[Items from a data source]
-- -- --

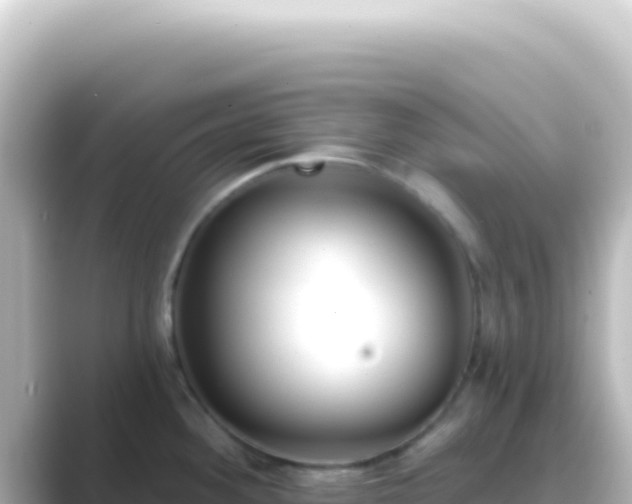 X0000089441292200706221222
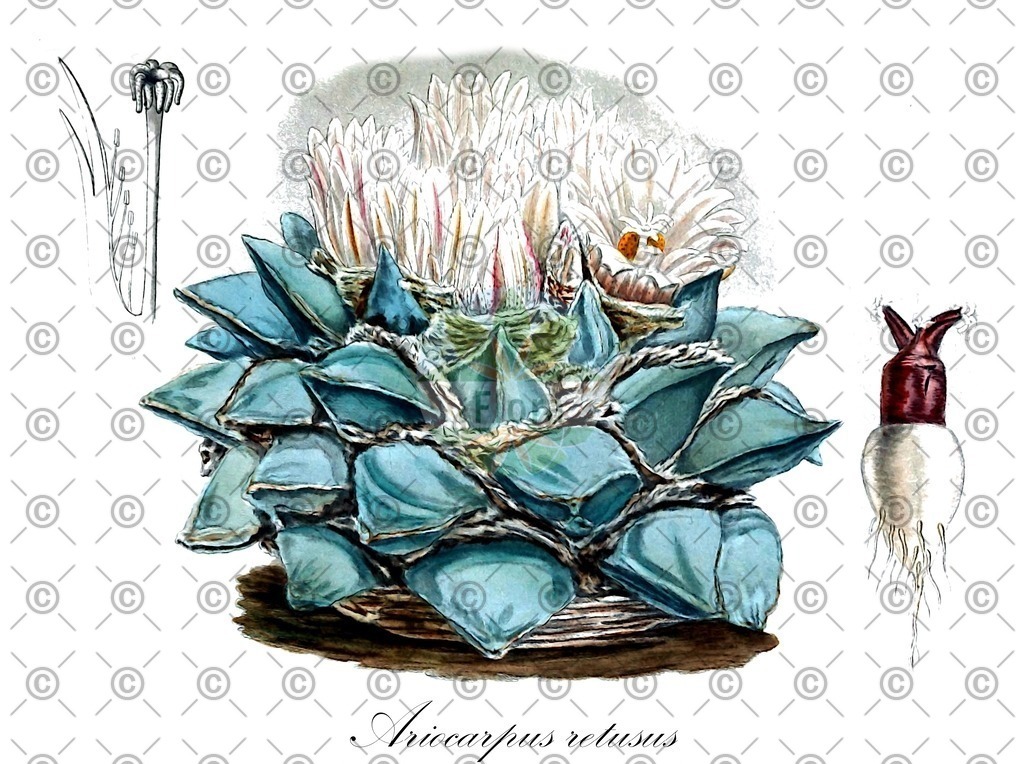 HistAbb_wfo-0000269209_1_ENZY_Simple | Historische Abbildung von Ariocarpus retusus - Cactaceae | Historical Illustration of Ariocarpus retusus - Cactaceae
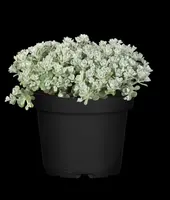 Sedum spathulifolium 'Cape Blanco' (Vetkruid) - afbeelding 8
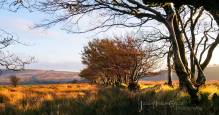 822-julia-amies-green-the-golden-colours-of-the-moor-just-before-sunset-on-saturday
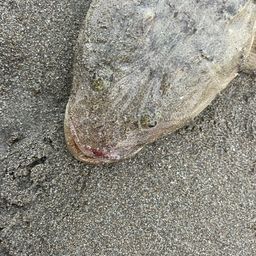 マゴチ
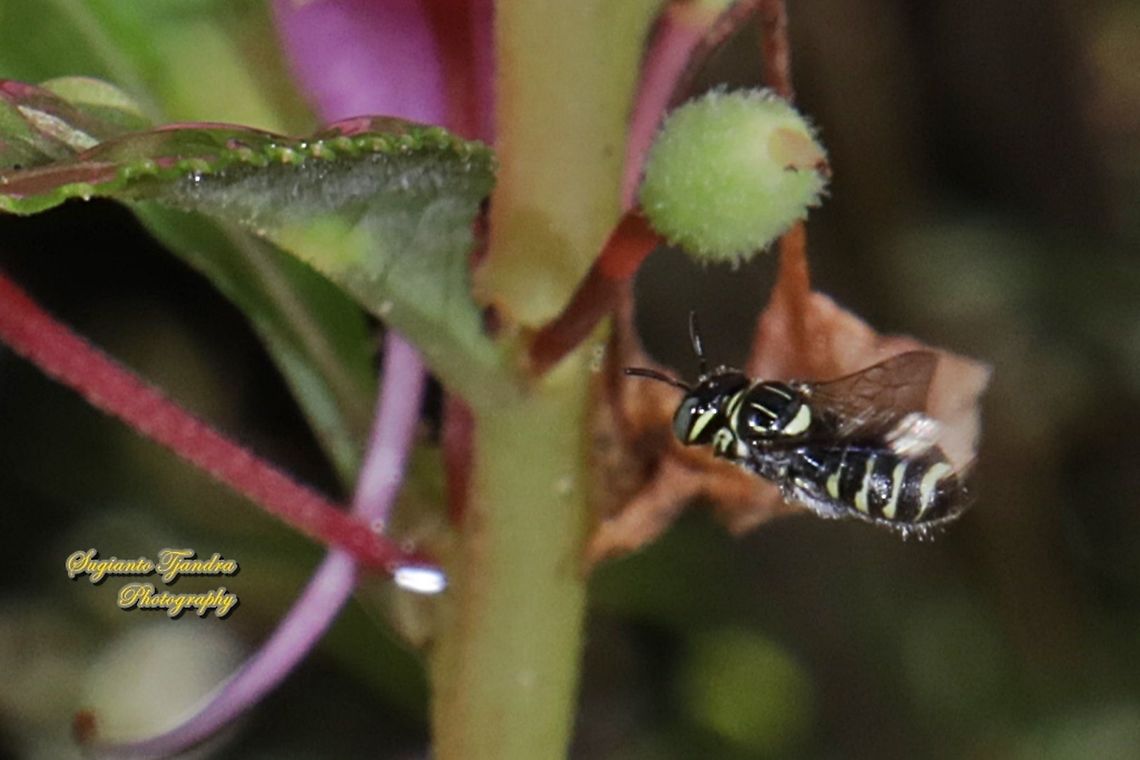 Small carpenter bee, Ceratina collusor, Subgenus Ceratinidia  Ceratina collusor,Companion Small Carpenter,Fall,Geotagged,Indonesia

-- -- --

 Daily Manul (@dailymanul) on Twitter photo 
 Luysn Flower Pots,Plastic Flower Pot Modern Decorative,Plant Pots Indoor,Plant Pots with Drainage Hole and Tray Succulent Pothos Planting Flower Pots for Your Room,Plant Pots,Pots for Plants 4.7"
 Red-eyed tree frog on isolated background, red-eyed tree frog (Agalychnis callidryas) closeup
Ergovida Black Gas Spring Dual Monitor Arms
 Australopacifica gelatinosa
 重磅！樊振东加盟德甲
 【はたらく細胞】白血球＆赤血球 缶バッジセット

-- -- --

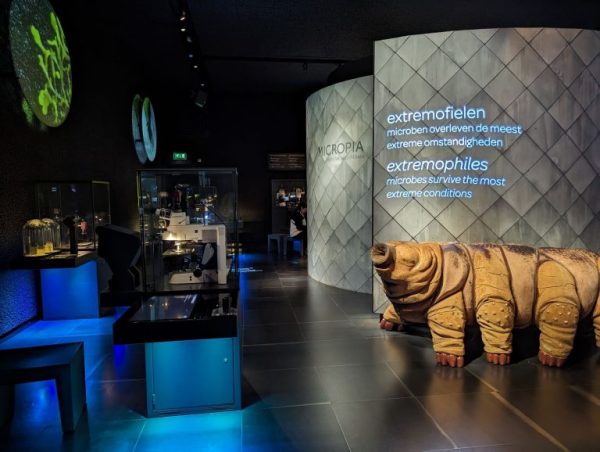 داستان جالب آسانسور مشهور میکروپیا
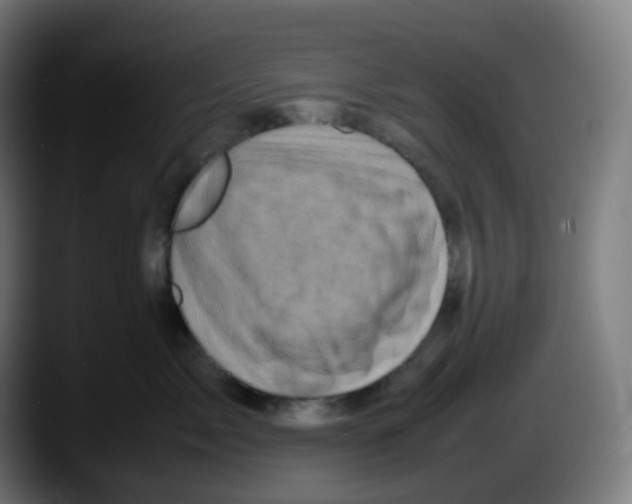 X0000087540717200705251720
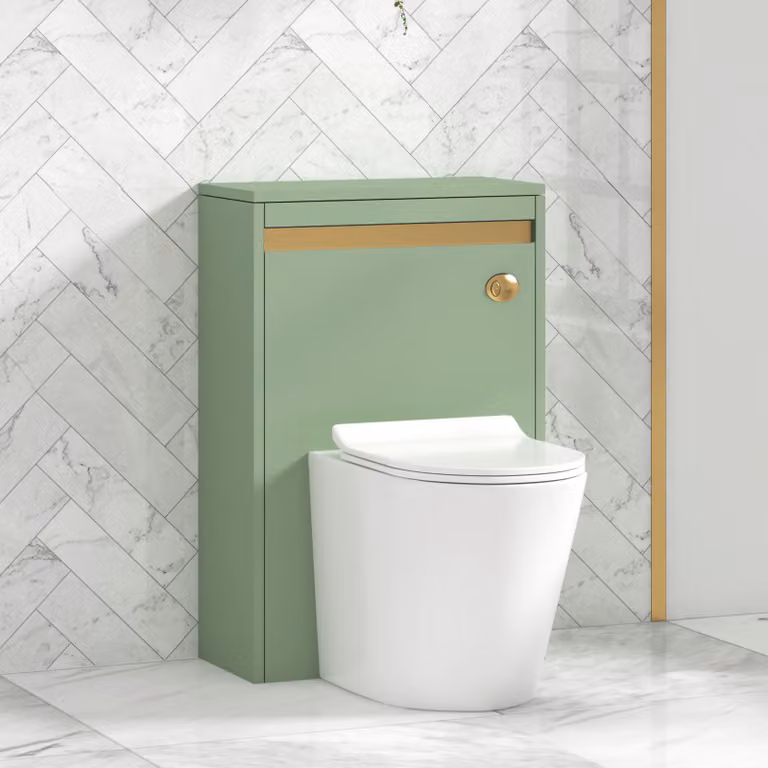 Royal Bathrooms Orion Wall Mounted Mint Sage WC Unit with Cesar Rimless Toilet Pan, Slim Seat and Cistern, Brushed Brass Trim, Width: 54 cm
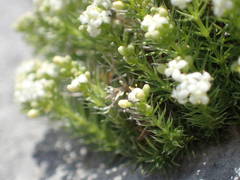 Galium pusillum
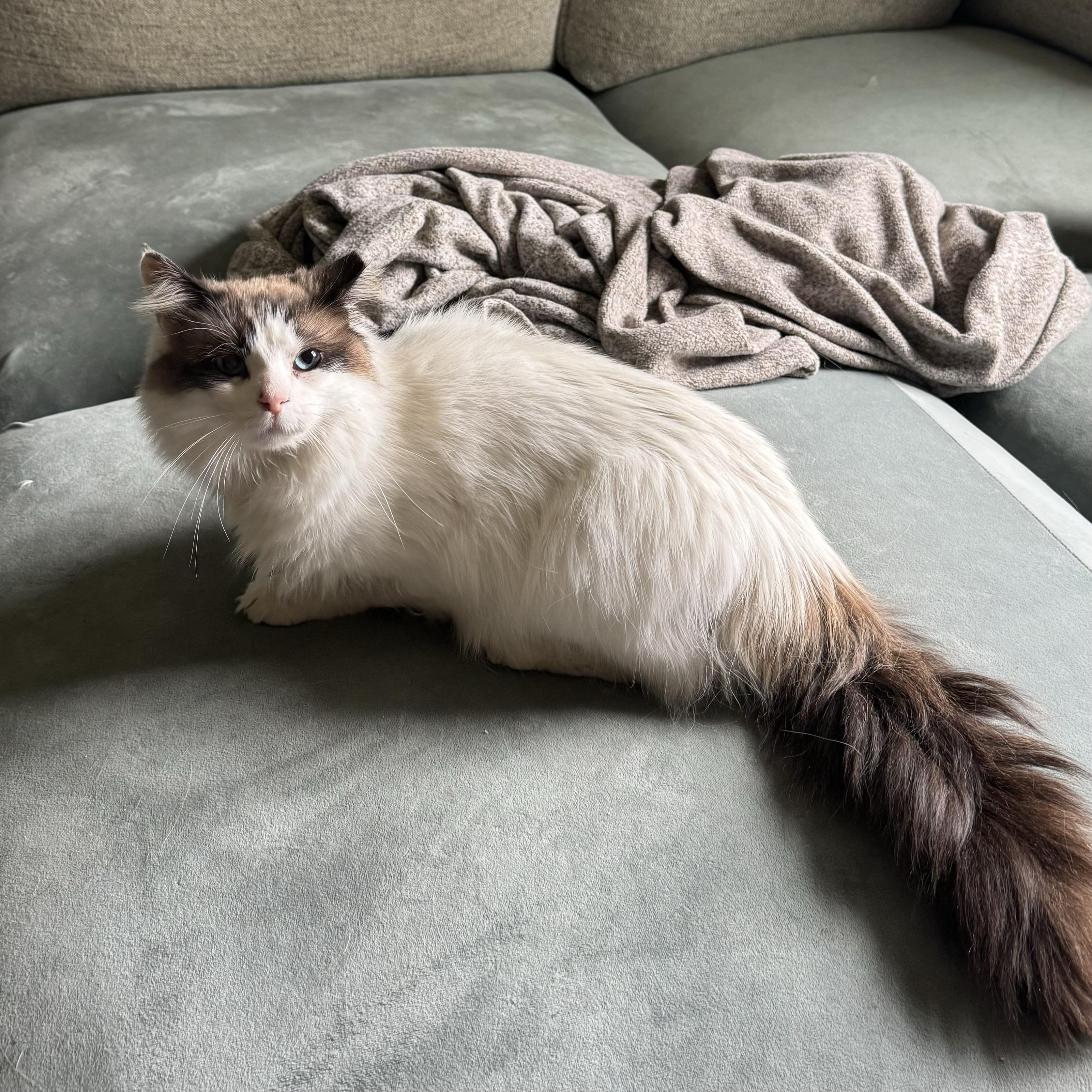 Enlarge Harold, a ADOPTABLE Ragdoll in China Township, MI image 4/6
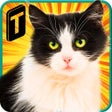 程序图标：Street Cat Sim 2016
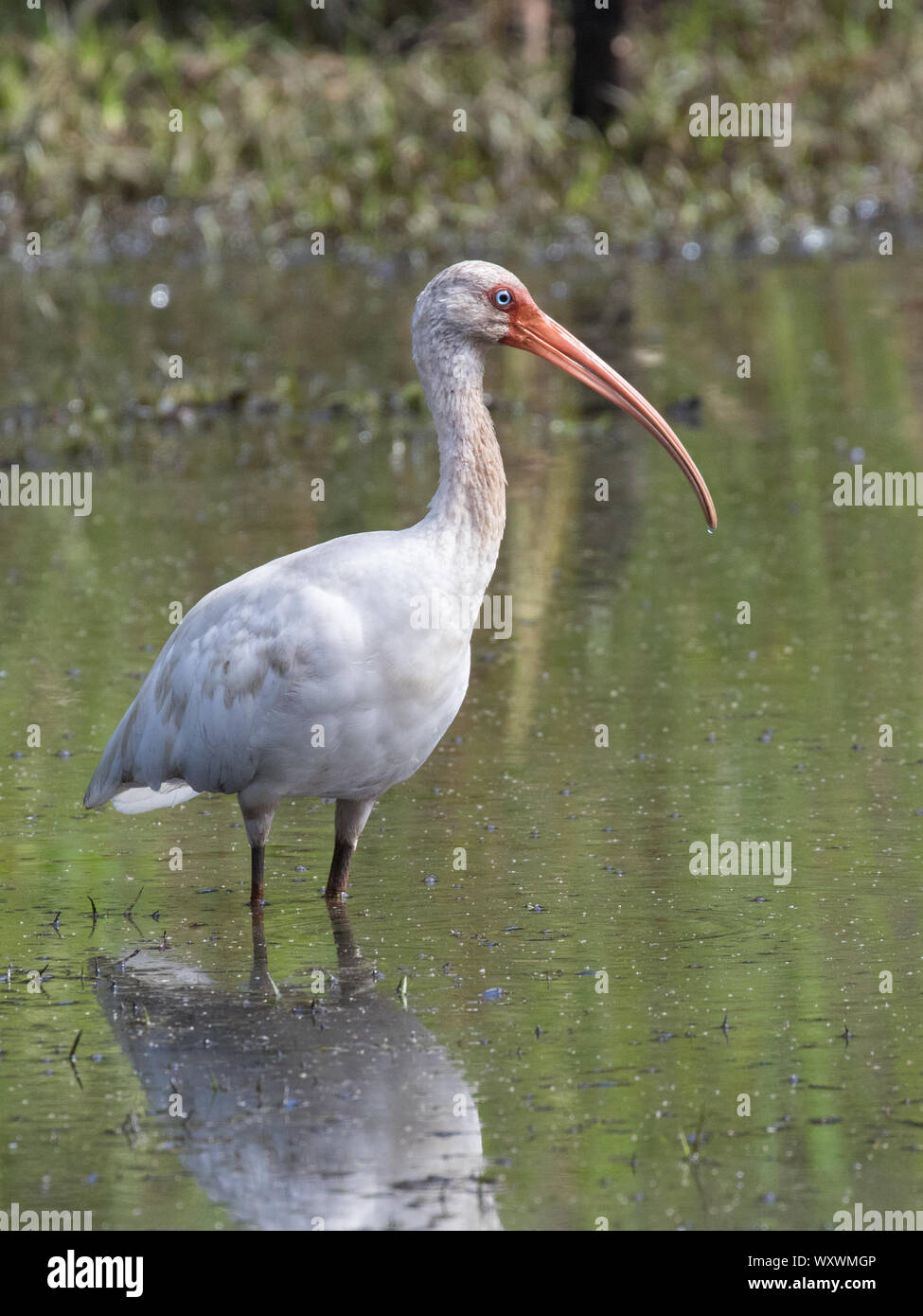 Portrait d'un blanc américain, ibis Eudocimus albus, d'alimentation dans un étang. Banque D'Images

-- -- --

### WHAT THE TASK REQUIRES
Nothing but the lines above from the line with "X0000089441292200706221222" up to and including the line with "Small carpenter bee, Ceratina" should be returned, exactly as written and without pictures.

### ANSWER FOR THIS EXERCISE
 X0000089441292200706221222
 HistAbb_wfo-0000269209_1_ENZY_Simple | Historische Abbildung von Ariocarpus retusus - Cactaceae | Historical Illustration of Ariocarpus retusus - Cactaceae
 Sedum spathulifolium 'Cape Blanco' (Vetkruid) - afbeelding 8
 822-julia-amies-green-the-golden-colours-of-the-moor-just-before-sunset-on-saturday
 マゴチ
 Small carpenter bee, Ceratina collusor, Subgenus Ceratinidia  Ceratina collusor,Companion Small Carpenter,Fall,Geotagged,Indonesia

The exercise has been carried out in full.